Le choix du séparateur de phase a été un bon choix pour bien gérer les apports humiques sur l’ensemble du parcellaire et doit être pérennisé.
Le méthaniseur, un atelier chronophage
Le méthaniseur est un sujet sensible sur l’exploitation. Les associés actuels ne sont pas ceux qui ont pris la décision de l’installation. Or, la dimension pose question et le travail engendré par le besoin en alimentation du digesteur est très important.
Des normes (couverture de la phase solide du digestat) ont rajouté des contraintes et des coûts non prévus (optimisation avec photo-voltaïsme).
Quand on écoute les associés, si cela était à refaire, ils ne referaient pas cet investissement ou mettraient en place un méthaniseur de plus petite taille.
Les orientations, notamment agroécologiques, qui ont été prises font que la main-d’œuvre doit être compétente et performante. Actuellement, la recherche de main-d’œuvre est compliquée, les exigences des associés sont confrontées à un manque de candidats répondant non seulement aux compétences attendues mais aussi à un manque de motivation.
Les potentiels demandeurs d'emplois souhaitent des conditions de travail et d'emploi décentes (temps de travail, niveau de salaires, avantages en nature…).

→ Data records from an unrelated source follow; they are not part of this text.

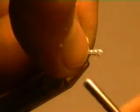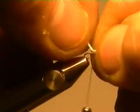Well, by all rights I should drag out my spider thread for this, but I'm going to try it. That's a size 26 hook.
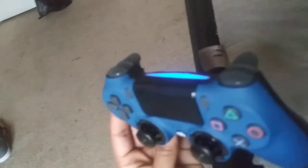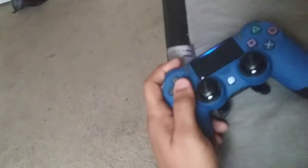Got a nice blue type of feel to it. It's nice and grippable, no cap. It's nice and grippable.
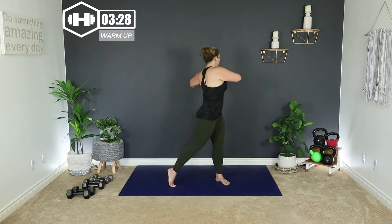Bring those arms up overhead. We're going to take it into a sumo squat and pulse — two, three, lift. Inhale up and down. Two, three, lift. One more time. Arms up, down, two, three, four. Step it in.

Suite aux différents départs en retraite, les associés ont pris conscience de la fragilité de la main-d’œuvre. Ils se rendent compte que les relations sociales entre associés et salariés sont insuffisantes. Il n’y a pas d’échanges autres que professionnels.

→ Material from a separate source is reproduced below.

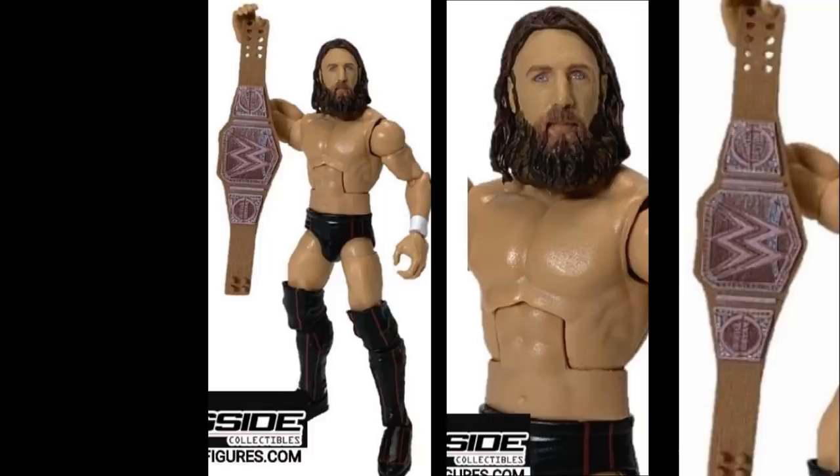At first the eyes on the Daniel Bryan head scan looked a bit ghostly or glowy, which threw me off, but it looks good. Both figures look really perfect from head to toe. Also worth noting — this is not the WrestleMania 35 attire since he wore the brown and white attire at WrestleMania. This is likely from earlier, maybe the end of 2018 or beginning of 2019.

Pour une meilleure organisation du travail, et afin d’écouter toutes les problématiques rencontrées par les associés et salariés, et fidéliser les travailleurs, une réunion hebdomadaire et des moments conviviaux, avec si possible des échanges entre les familles des travailleurs, seront organisés.
Conclusion
Ce travail, réalisé durant des séances pluridisciplinaires, a permis aux jeunes de découvrir un système de production « moderne » avec une organisation a priori rodée.
Après une étude approfondie des ateliers et surtout du travail, avec une méthode originale pour les apprenants, l’analyse a permis de faire ressortir les difficultés rencontrées pour maintenir des performances techniques tout en innovant, dans une conjoncture stressante pour les associés rencontrés.

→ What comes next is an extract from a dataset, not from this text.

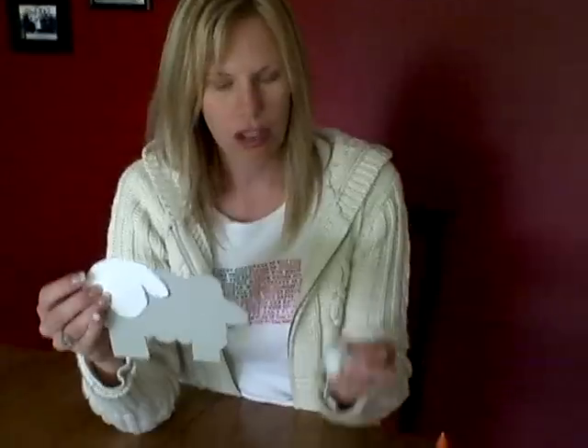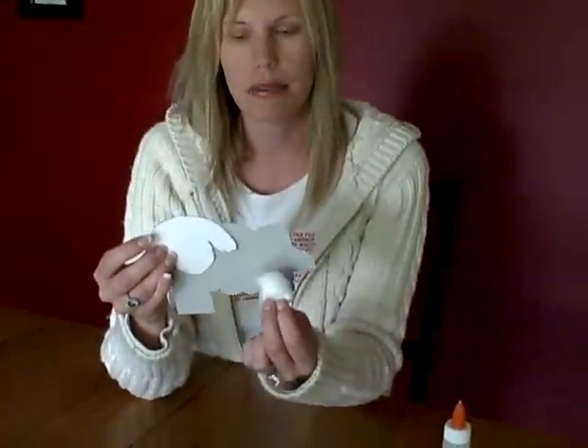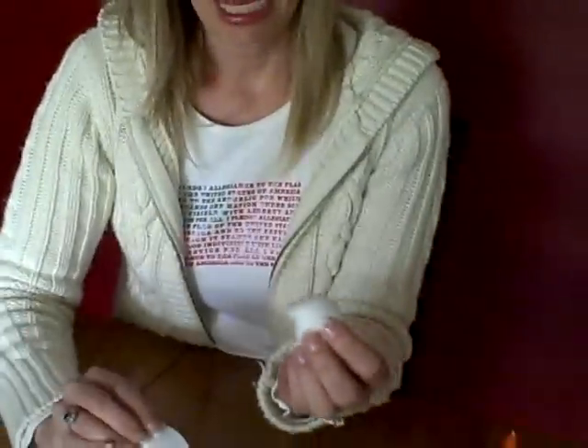It's totally up to them. You can have them use markers to draw a face on the sheep, and you can also have them glue on some cotton balls for the lamb's fleece or wool.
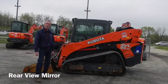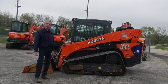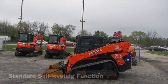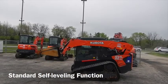Two-speed, rearview mirror, and this one is required to run on diesel exhaust fluid. The loader has self-leveling in the raising position.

Le GAEC est à un tournant de son histoire, il faut réussir à maintenir le fonctionnement avec une main-d’œuvre en forte évolution (retraite d’associés et départ de salariés) tout en atteignant des objectifs de production dans un souci de transition agroécologique et de durabilité économique.
Deux témoignages d’apprenants sont marquants :
Apprenant 1 : Quand j’ai découvert le système, les bâtiments, le troupeau, le matériel, j’étais emballé ! Après analyse je ne me vois pas travailler sur cette exploitation.
Apprenant 2 : Si on était venu deux ans plus tôt, on n’aurait pas eu du tout la même conclusion ! Aujourd’hui on voit beaucoup de difficultés difficilement imaginables à l’époque.